Would treatment decisions about secondary prevention of CVD based on estimated lifetime benefit rather than 10-year risk reduction be cost-effective?

Objective: To test the hypothesis that treatment decisions (treatment with a PCSK9-mAb versus no treatment) are both more effective and more cost-effective when based on estimated lifetime benefit than when based on estimated risk reduction over 10 years.

Methods: A microsimulation model was constructed for 10,000 patients with stable cardiovascular disease (CVD). Costs and quality-adjusted life years (QALYs) due to recurrent cardiovascular events and (non)vascular death were estimated for lifetime benefit-based compared to 10-year risk-based treatment, with PCSK9 inhibition as an illustration example. Lifetime benefit in months gained and 10-year absolute risk reduction were estimated using the SMART-REACH model, including an individualized treatment effect of PCSK9 inhibitors based on baseline low-density lipoprotein cholesterol.

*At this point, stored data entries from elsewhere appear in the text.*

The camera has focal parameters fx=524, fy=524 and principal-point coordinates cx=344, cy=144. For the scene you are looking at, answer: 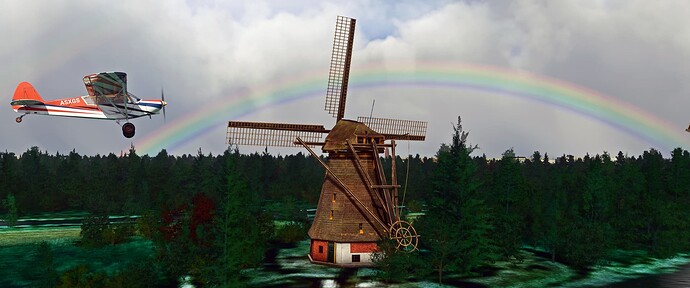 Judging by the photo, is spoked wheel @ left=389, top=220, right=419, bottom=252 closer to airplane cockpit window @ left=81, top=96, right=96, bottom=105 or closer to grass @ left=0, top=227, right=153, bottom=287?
grass @ left=0, top=227, right=153, bottom=287

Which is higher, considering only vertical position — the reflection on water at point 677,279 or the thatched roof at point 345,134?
the thatched roof at point 345,134

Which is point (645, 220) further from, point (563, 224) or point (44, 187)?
point (44, 187)

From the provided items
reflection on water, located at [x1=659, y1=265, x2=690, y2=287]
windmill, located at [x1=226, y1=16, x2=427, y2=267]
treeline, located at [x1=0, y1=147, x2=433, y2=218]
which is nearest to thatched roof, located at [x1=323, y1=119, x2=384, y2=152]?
windmill, located at [x1=226, y1=16, x2=427, y2=267]

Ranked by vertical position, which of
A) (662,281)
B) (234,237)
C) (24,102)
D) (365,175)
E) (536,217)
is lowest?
(662,281)

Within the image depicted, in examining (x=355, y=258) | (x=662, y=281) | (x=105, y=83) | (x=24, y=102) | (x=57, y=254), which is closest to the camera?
(x=24, y=102)

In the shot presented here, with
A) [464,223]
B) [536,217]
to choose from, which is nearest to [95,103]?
[464,223]

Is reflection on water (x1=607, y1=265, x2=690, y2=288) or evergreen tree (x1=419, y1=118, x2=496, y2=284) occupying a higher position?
evergreen tree (x1=419, y1=118, x2=496, y2=284)

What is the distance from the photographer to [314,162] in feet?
655

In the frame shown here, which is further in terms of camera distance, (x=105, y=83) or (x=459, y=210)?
(x=459, y=210)

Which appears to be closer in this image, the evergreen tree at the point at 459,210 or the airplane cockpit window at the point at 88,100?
the airplane cockpit window at the point at 88,100

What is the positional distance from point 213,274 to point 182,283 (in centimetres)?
813

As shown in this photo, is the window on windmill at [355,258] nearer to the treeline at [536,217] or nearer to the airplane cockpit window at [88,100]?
the treeline at [536,217]

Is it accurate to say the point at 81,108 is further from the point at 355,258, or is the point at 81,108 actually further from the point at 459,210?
the point at 459,210

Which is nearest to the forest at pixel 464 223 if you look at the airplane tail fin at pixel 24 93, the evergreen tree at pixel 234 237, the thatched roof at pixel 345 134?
the evergreen tree at pixel 234 237
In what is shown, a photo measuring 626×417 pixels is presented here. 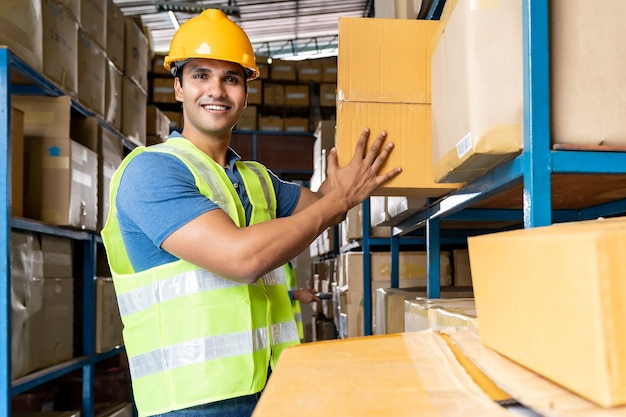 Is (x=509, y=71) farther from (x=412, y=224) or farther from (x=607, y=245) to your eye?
(x=412, y=224)

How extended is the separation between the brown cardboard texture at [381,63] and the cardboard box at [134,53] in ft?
9.72

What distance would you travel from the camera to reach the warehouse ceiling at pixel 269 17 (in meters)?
8.38

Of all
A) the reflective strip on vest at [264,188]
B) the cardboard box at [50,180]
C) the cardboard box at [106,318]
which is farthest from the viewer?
the cardboard box at [106,318]

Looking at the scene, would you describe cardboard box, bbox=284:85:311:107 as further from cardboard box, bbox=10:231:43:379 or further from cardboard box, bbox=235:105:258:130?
cardboard box, bbox=10:231:43:379

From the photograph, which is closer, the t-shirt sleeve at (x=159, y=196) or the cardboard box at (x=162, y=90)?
the t-shirt sleeve at (x=159, y=196)

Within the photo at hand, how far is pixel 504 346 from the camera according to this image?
3.24 ft

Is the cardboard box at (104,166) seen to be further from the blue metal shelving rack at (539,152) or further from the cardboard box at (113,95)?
the blue metal shelving rack at (539,152)

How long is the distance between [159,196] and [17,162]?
145 centimetres

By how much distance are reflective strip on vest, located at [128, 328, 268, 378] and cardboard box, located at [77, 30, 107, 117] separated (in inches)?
85.8

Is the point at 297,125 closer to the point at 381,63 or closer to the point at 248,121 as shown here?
the point at 248,121

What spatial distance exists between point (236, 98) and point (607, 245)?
61.3 inches

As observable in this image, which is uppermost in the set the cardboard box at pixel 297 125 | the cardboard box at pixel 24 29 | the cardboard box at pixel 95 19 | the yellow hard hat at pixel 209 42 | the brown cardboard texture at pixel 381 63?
the cardboard box at pixel 297 125

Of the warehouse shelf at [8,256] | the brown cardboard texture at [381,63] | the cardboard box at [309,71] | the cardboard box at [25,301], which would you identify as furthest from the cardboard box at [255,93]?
the brown cardboard texture at [381,63]

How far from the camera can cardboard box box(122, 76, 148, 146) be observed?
14.1 ft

For the different numbers of patients treated (i.e. the 5%, 10%, and 20% of patients with the highest estimated benefit of both strategies), cost-effectiveness was assessed using the incremental cost-effectiveness ratio (ICER), indicating additional costs per QALY gain.

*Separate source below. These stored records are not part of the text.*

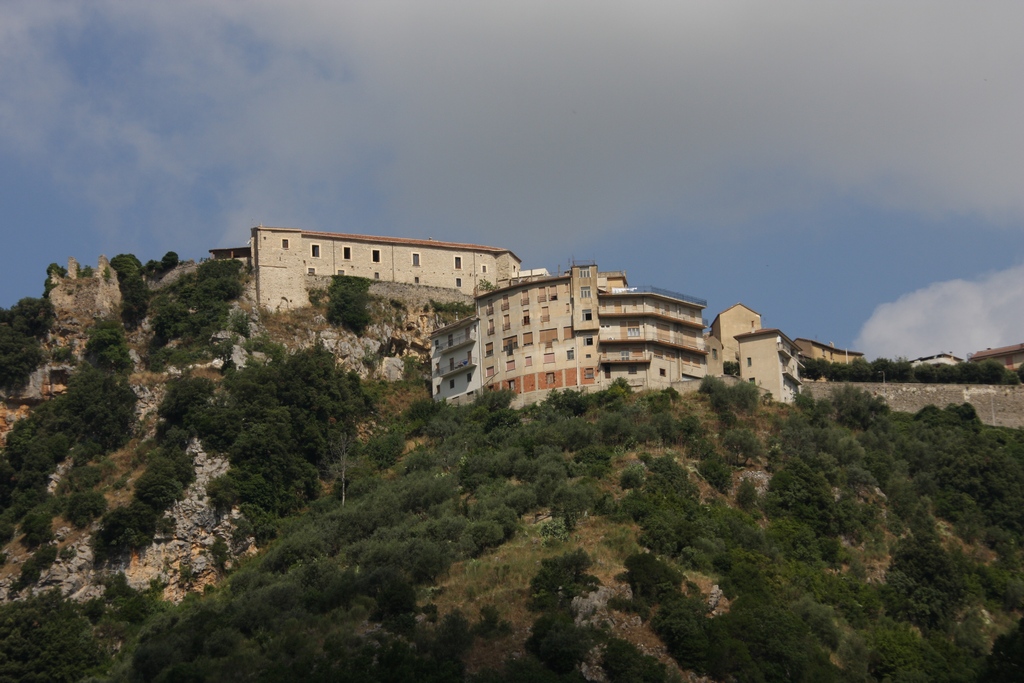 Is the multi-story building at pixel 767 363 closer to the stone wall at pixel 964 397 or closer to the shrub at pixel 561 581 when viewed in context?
the stone wall at pixel 964 397

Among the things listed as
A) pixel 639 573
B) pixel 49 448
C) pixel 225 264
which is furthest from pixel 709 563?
pixel 225 264

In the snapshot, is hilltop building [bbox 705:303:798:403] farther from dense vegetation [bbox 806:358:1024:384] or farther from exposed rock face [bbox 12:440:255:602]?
exposed rock face [bbox 12:440:255:602]

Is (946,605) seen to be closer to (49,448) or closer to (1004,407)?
(1004,407)

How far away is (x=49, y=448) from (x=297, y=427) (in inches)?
501

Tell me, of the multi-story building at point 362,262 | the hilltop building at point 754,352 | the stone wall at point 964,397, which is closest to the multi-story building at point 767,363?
the hilltop building at point 754,352

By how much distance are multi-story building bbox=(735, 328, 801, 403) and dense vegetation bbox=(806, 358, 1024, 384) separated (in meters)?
6.52

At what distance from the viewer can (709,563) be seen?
57938 mm

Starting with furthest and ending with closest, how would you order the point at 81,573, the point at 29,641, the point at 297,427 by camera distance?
the point at 297,427
the point at 81,573
the point at 29,641

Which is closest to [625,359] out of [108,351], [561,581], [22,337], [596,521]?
[596,521]

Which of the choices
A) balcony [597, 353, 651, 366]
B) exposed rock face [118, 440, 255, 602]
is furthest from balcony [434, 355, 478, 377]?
exposed rock face [118, 440, 255, 602]

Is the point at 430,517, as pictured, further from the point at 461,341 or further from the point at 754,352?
the point at 754,352

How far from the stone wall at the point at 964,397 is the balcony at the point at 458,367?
21064 millimetres

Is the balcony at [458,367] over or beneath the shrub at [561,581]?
over

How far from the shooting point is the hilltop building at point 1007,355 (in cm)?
10019
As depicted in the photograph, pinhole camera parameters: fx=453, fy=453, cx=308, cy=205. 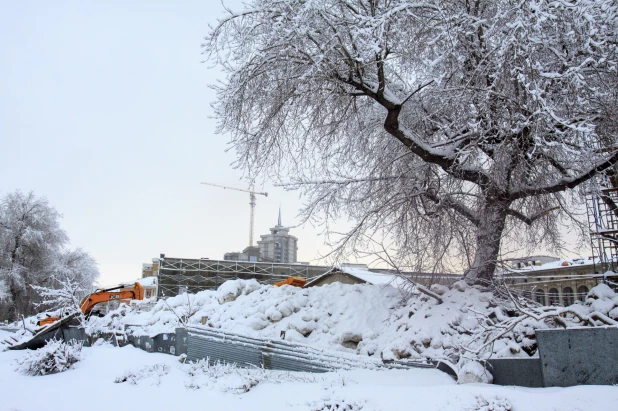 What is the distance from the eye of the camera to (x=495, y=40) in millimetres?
7332

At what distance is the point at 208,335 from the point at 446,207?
570 cm

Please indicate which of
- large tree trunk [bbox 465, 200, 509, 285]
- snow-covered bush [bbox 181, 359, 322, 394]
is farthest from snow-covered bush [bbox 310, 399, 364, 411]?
large tree trunk [bbox 465, 200, 509, 285]

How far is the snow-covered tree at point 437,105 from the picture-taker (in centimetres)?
661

Results: Lifetime benefit-based treatment of 5%, 10%, and 20% of patients with the highest estimated benefit resulted in an ICER of €36,440/QALY, €39,650/QALY, or €41,426/QALY. Ten-year risk-based treatment decisions of 5%, 10%, and 20% of patients with the highest estimated risk reduction resulted in an ICER of €48,187/QALY, €53,368/QALY, or €52,390/QALY.

Conclusion: Treatment decisions (treatment with a PCSK9-mAb versus no treatment) are both more effective and more cost-effective when based on estimated lifetime benefit than when based on estimated risk reduction over 10 years.